_INFORMATION SUPPLIED_:

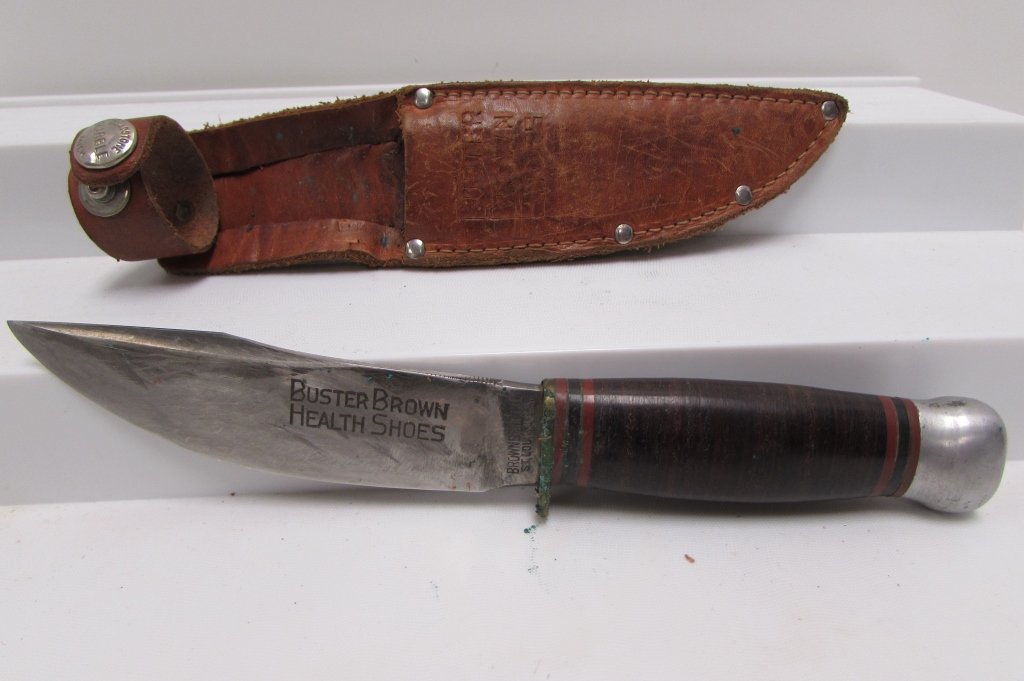 MARBLES IDEAL KNIFE BUSTER BROWN SHOES AD SHEATH: 249.29 PRE-WAR MARBLES HUNTING KNIFE w/ BUSTER BROWN SHOES AD ENGRAVED IN BLADE & ON LEATHER SHEATH. ALUMINUM POMMEL, LEATHER HANDLE, 8.75" LONG, 4.5" BLADE.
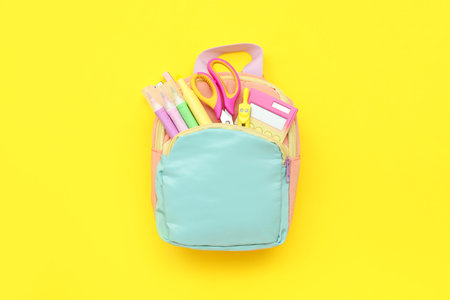 Blue school backpack with stationery on yellow backgroundの写真素材
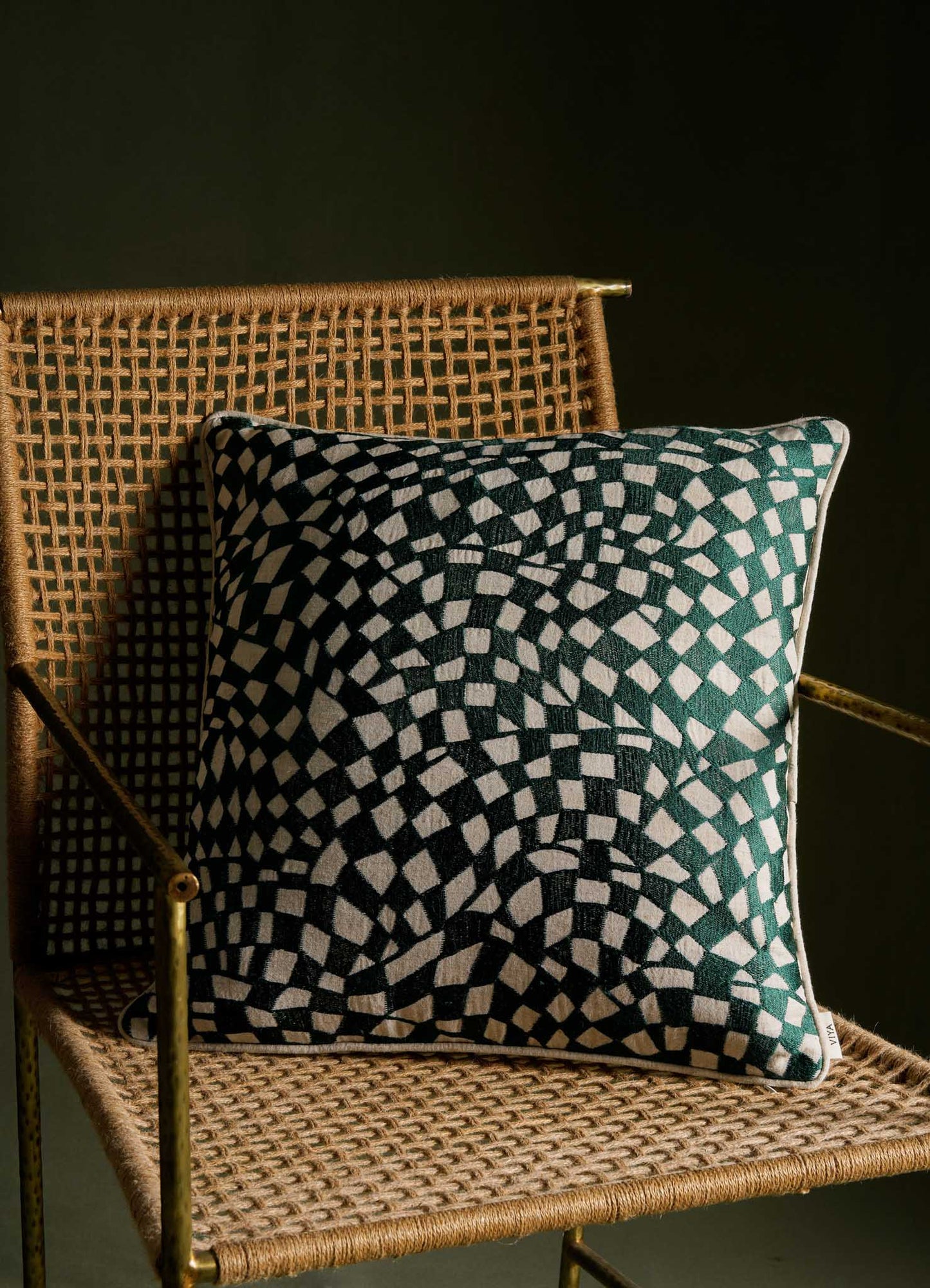 A decorative cushion with a black and white geometric pattern featuring concentric circles and squares, placed on a woven rattan chair with a natural finish. The background is dark, highlighting the contrast between the cushion's bold design and the chair's handcrafted texture.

_ASSIGNED TASK_: Your copy should run from the line that has "Blue school backpack" through the last line above, exactly, with both ends in and pictures out.

_YOUR SOLUTION_:
 Blue school backpack with stationery on yellow backgroundの写真素材
 A decorative cushion with a black and white geometric pattern featuring concentric circles and squares, placed on a woven rattan chair with a natural finish. The background is dark, highlighting the contrast between the cushion's bold design and the chair's handcrafted texture.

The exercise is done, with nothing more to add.